What the Flower law allows
FLORIDA IS SMOKING
You better believe we took a minute to pat ourselves on the back. Slap a few shoulders and take a victory lap.
The prohibition on cannabis flowers for patients is repealed.
The leadership team is sharing information on Facebook to give everyone the facts, but very few people understand the full impact of this new law.
Senate Bill 182, which amends our medical marijuana program, was signed into law on Monday March 18, 2019. It was effective immediately.
Based on the complexity of the law, most cannabis practitioners and Medical Marijuana Treatment Centers expected it to be months before new rules and forms were generated and flower sales could start.
Hats off to Trulieve. They were ready to push the program, and a handful of doctors were on board.
Using a draft consent form and statements by patients, doctors began ordering full flower for patients on Thursday, March 21 and Trulieve began selling 1/8th ounce containers of whole flower. The least expensive variety (cultivar), a hybrid Lemon OG, comes in at 23.7% THC. It will cost a patient $264.00 an ounce before discounts.
Not every qualified physician is ready to order smoked forms of the plant. It will double the physician’s paperwork on every patient who uses flower. The research on the effectiveness of smoked cannabis has not been done in this country, in part due to the difficulty obtaining the cannabis for the study — and in part because of the difficulty in measuring doses. The doctor must provide research in support of their order for smoked cannabis. It is part of the law.
Patients will likely have to see their recommending physician again before getting an order for smoked flower, and some physicians may refuse to recommend smoked forms depending on your condition.
SB 182 did many things, it…
- Repeals the prohibition on MMTC’s selling cannabis flower by redefining the term “medical use”.
- It requires a patient to have informed consent to use smoked forms of the plant.
- Requires the ordering physician to report what other forms of cannabis the patient has used.
- It requires physicians to write a new order every 35 days.
- It requires the physician to provide research on why smoking is an effective route of administration for the patient’s disorder.
- Specifies a physician use a special form when ordering smoked cannabis.
- Requires the Board of Medicine to create practice standards.
- Prohibits the ordering of full flowers for smoking for patients under 18 unless they are terminal and have a pediatrician who concurs.
- It limits the amount of flower a patient can buy every 35 days to 2.5 ounces.
- It limits the total amount of flower a qualified patient can possess to 4 ounces.
- Creates an exception to the possession limits for certain patients.
- Gives property owners the ability to violate a patient’s constitutional rights by prohibiting smoking on their property.

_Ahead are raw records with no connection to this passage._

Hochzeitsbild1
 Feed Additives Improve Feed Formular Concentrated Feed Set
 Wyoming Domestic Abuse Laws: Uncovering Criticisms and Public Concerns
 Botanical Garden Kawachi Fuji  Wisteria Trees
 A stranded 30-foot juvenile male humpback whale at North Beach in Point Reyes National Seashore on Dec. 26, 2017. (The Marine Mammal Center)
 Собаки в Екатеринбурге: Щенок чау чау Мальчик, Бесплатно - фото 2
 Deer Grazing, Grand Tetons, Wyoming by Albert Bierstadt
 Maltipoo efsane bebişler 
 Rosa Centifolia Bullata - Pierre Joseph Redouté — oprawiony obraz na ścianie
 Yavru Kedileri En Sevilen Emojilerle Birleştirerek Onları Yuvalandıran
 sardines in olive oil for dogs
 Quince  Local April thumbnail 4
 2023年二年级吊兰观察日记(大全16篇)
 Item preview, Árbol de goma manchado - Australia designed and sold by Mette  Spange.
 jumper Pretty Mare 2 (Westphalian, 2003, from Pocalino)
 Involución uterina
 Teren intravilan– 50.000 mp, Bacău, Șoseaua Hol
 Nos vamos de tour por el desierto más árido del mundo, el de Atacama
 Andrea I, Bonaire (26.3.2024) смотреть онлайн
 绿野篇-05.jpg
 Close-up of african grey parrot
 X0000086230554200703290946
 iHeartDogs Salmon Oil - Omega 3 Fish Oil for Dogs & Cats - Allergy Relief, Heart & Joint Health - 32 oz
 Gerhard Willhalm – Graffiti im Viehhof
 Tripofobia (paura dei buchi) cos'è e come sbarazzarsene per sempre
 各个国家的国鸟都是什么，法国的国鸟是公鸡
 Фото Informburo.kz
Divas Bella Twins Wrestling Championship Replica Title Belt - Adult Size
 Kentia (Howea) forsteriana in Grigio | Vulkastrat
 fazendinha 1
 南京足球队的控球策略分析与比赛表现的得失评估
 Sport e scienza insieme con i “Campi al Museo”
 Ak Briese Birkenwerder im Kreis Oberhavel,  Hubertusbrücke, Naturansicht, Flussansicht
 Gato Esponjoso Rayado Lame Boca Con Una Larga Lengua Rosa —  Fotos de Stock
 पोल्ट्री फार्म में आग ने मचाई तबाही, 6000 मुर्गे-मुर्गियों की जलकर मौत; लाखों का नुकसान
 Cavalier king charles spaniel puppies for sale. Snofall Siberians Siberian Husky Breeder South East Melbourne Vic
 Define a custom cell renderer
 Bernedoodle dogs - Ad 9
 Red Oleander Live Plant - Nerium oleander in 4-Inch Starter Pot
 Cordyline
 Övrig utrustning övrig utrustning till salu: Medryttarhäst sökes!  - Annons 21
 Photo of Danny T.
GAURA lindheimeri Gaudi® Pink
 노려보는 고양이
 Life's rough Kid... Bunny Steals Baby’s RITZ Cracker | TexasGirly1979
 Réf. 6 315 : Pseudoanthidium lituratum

- Prohibits MMTC’s from using tobacco or hemp papers in pre-rolled cannabis cigarettes.
- Allows stores other than MMTC’s to sell devices for cannabis smoking.
- Directs the Office of Medical Marijuana Use to develop rules for the type, appearance and labeling of delivery devices.
- Renames the Coalition for Medical Marijuana Research and Education to the Consortium for Medical Marijuana Clinical Outcomes Research.
- Directs the Consortium to award funds to members for research and report to the Governor.
- Establishes a path for teaching nursing homes to conduct research on cannabis use.
The legislation signed into law ends the appeal of the lawsuit by John Morgan in which Cathy Jordan, our immediate past president, was lead plaintiff. It does not end the struggle to give all people access to this plant.
Florida CAN is dedicated to ending the prohibition on cannabis.